Second, builders need to have the opportunity to cure defects that do arise from a failure to meet standards. In states with disincentivizing CDL policies, defects trigger lawsuits rather than communication and agreement between builders and homeowners/HOAs on making needed repairs. Instead of immediately involving attorneys, who may have financial incentives to pursue expensive damages, builders should be able to directly work on and fix the problems raised by the current homeowners. This “right to cure” would save developers money in the long run since the litigation initiated by HOAs is often more costly than the repairs themselves. It would protect tenants by ensuring that any repairs needed to their homes are performed in a timely manner, not part of a lengthy process in the courts, and would support builders who are working in good faith to build safe homes.

Immediately turning to litigation, rather than first granting an opportunity to cure, makes building condos an unattractive investment and property management prospect, particularly compared to apartment buildings. Given the value of having a large stock of condos along a wide range of affordability measures—luxury, market rate, below market rate—states with particularly strict CDL laws should consider creating a robust and well protected right to cure.

While none of these solutions alone will solve the problem of CDL laws disincentivizing condo development, changing the incentive structure around the building of these important multi-family homes can help reduce the fear builders quite reasonably have around this type of production.

Closing

There are many elements of disincentivizing CDL laws that stymie the building of condominiums: the HOA board member’s personal financial risk if they do not fulfill their duties of care, unclear standards, the opacity of the arbitration, and monetary damages, all of which are exacerbated by lengthy liability timelines. The effects of policies that chill condo development are seen in a lack of desired housing options for young people and young families, particularly in city centers. Strengthening urban city centers—rich in job opportunities, infrastructure, and cultural institutions—requires creating communities where people are able to live and build wealth. Condo ownership is an important piece of that puzzle and in many states, development of condos is stifled by policies that don’t reflect market realities and which fail to focus on the truly important aspect of strong CDL policy: protecting condo and homeowners. Policies geared toward building and maintaining stronger and safer homes, like the right to cure, could offer more incentives for developers to build more condos while also ensuring safe homes for residents.

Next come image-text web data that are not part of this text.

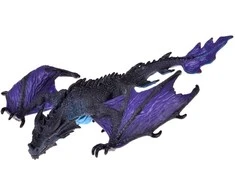 Violetinio drakono figūrėlė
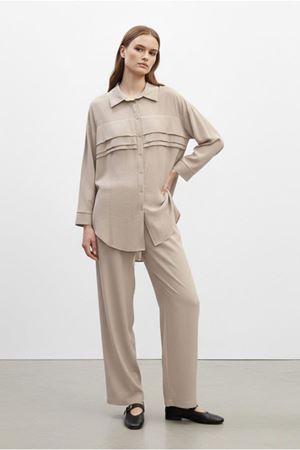 26Y7582 - VİZON - KATLI GÖMLEKLİ TAKIM 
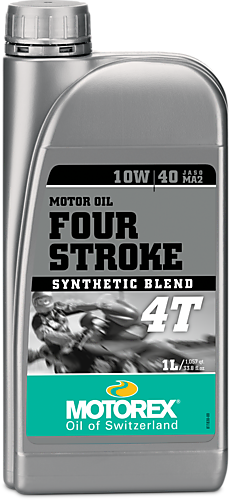 שמן מנוע חצי סינתטי 4ליטר MOTOREX FOUR STROKE 4T 10W/40 MA2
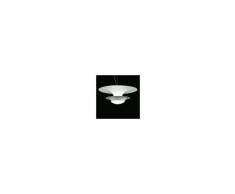Promoingross Lampadario pg-lem led 27w alluminio bianco diffusore acrilico sospensione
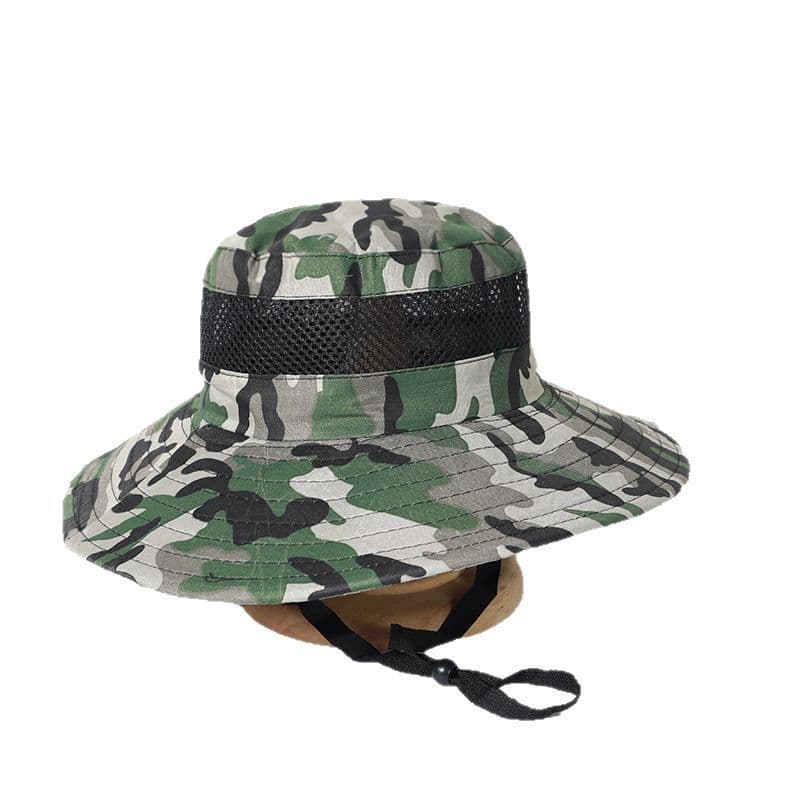 Summer travel camouflage hat solar-powered, UV protection, sun protection 5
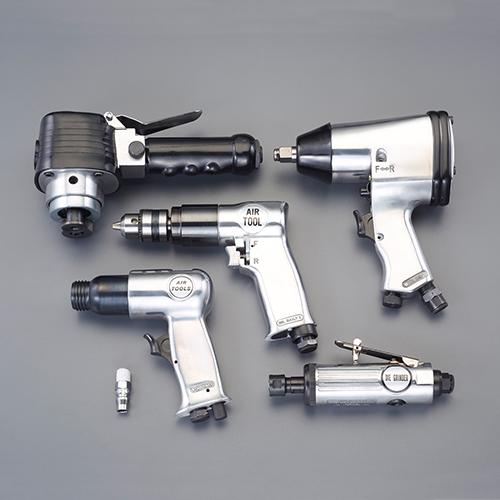 エアーツール5機種セット インパクトレンチ:190x60x20 サンダー:270x125x165 ダイグラインダー:174x33x41 ドリル:180x42x140 ハンマー:135x49x150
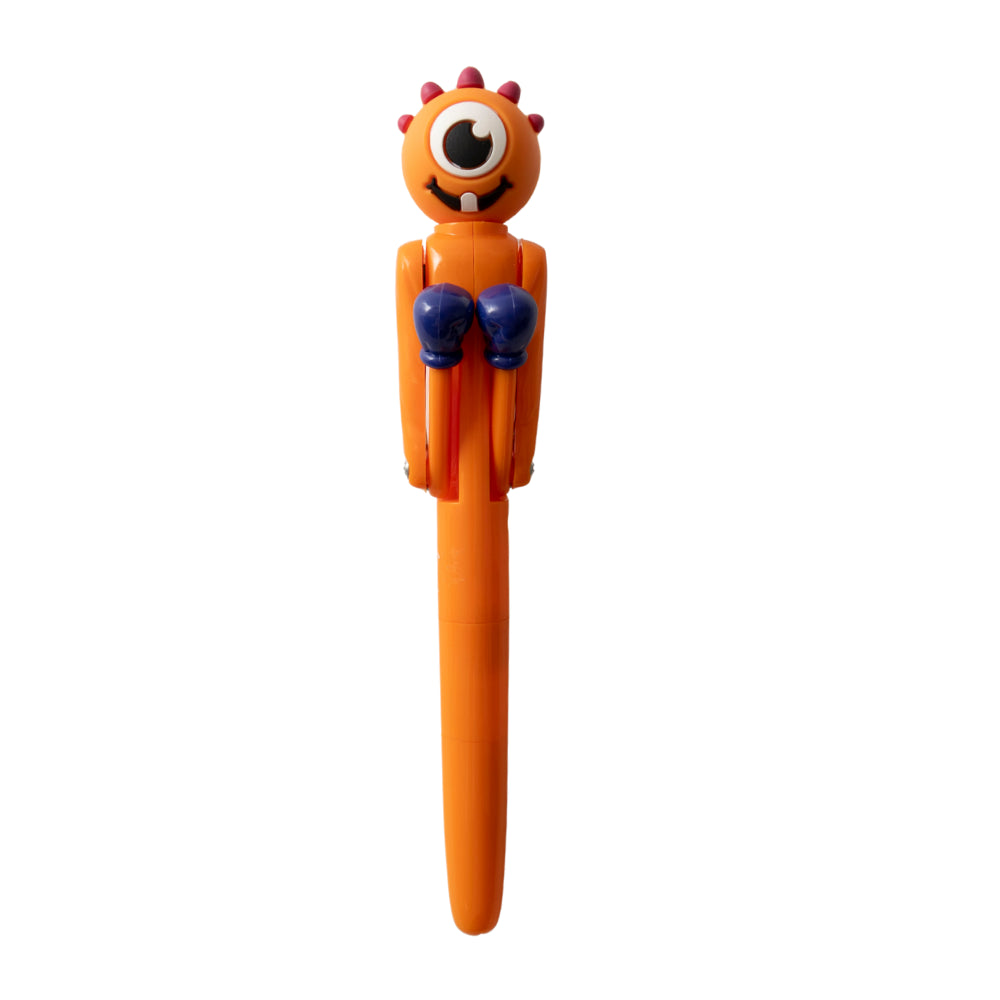 Kids Novelty Pen - BOXING MONSTER ORANGE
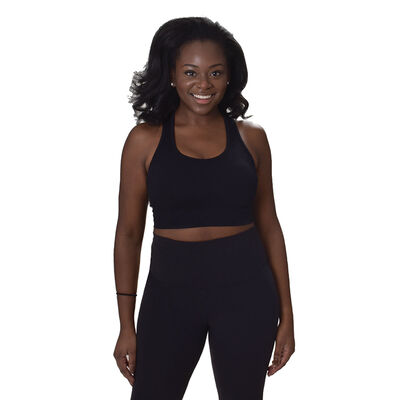 PUMA Women's Seamless Sports Bra, Black, X-Large
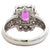 Vintage Pink Sapphire Diamond 18k White Gold Cluster Ring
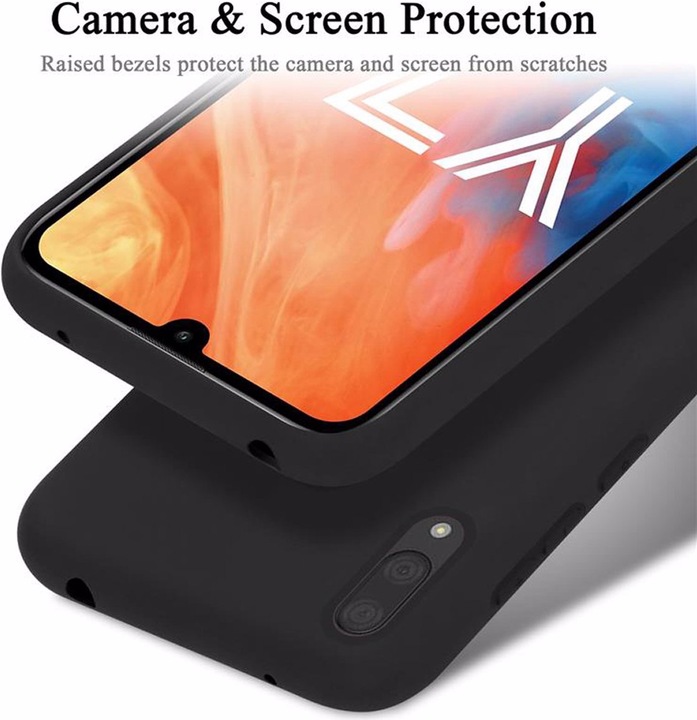 Produktbild Cadorabo TPU Liquid Silicone Case Cover (Huawei Y7 Prime (2019), Huawei Y7 (2019))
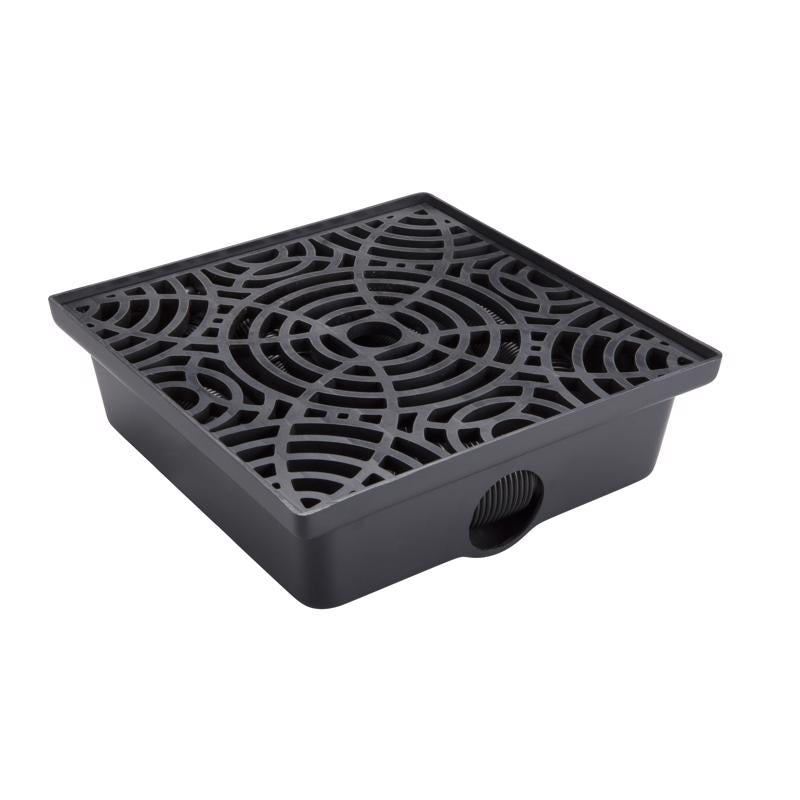 STEALTHDRAIN - StealthDrain 4.25 in. H X 12 in. W X 12 each L Black Vinyl Downspout Extension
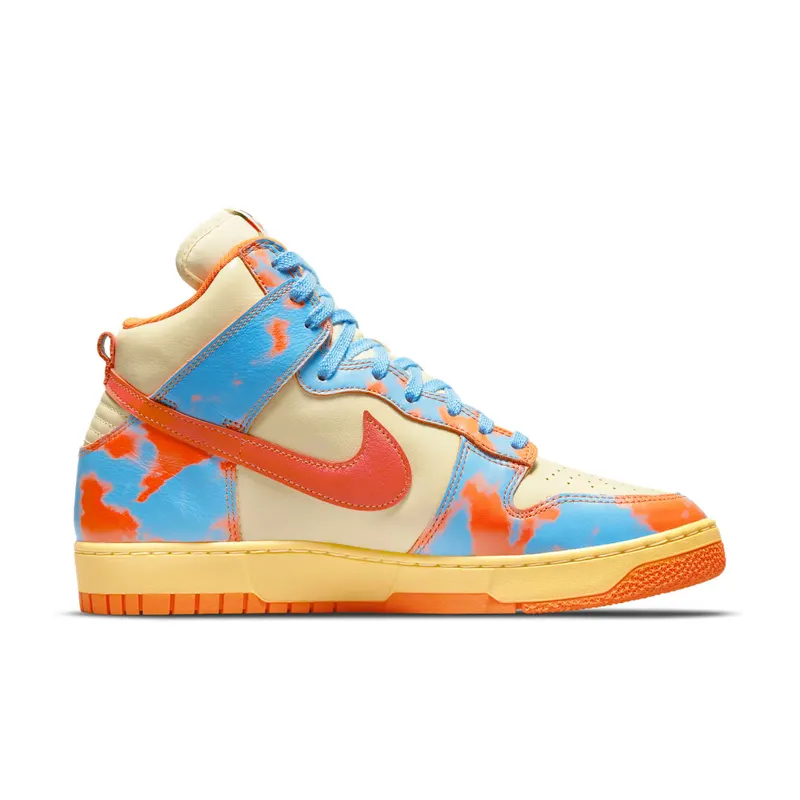 Nike Dunk High 1985 Orange Acid Wash – “Orange / Blue” (DD9404-800)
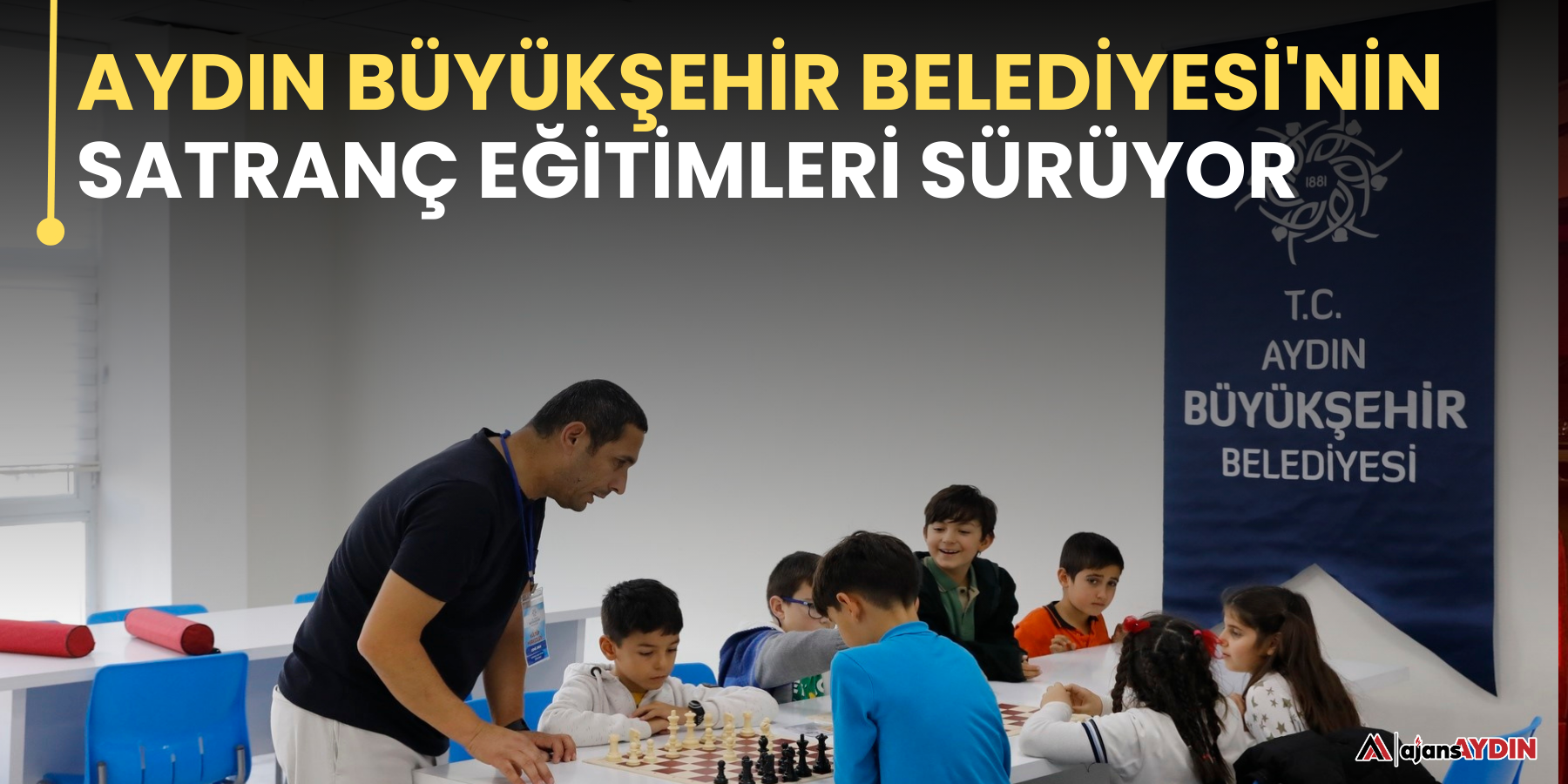 Aydın Büyükşehir Belediyesi'nin satranç eğitimleri sürüyor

 CDL reform is a necessary part of addressing chronic housing underproduction, housing affordability, equitable access to affordable housing, and climate change. It’s a bedrock problem, but it will take some time for financiers, insurers, and builders to get back into the condo business. Even though the impact on the market may take several years to be seen, these are not fixes that can be put on the back burner. All the progress we have made and will continue to make—inclusionary zoning, equitable access to financing, fair fees and taxation, using data to drive policy—will have less impact if developers can’t reasonably take the risk to build affordable housing. We need to make it safer for them to go back into what one developer described as “shark infested waters” so they can get back to doing what many of them want to do: build high quality affordable condominium homes.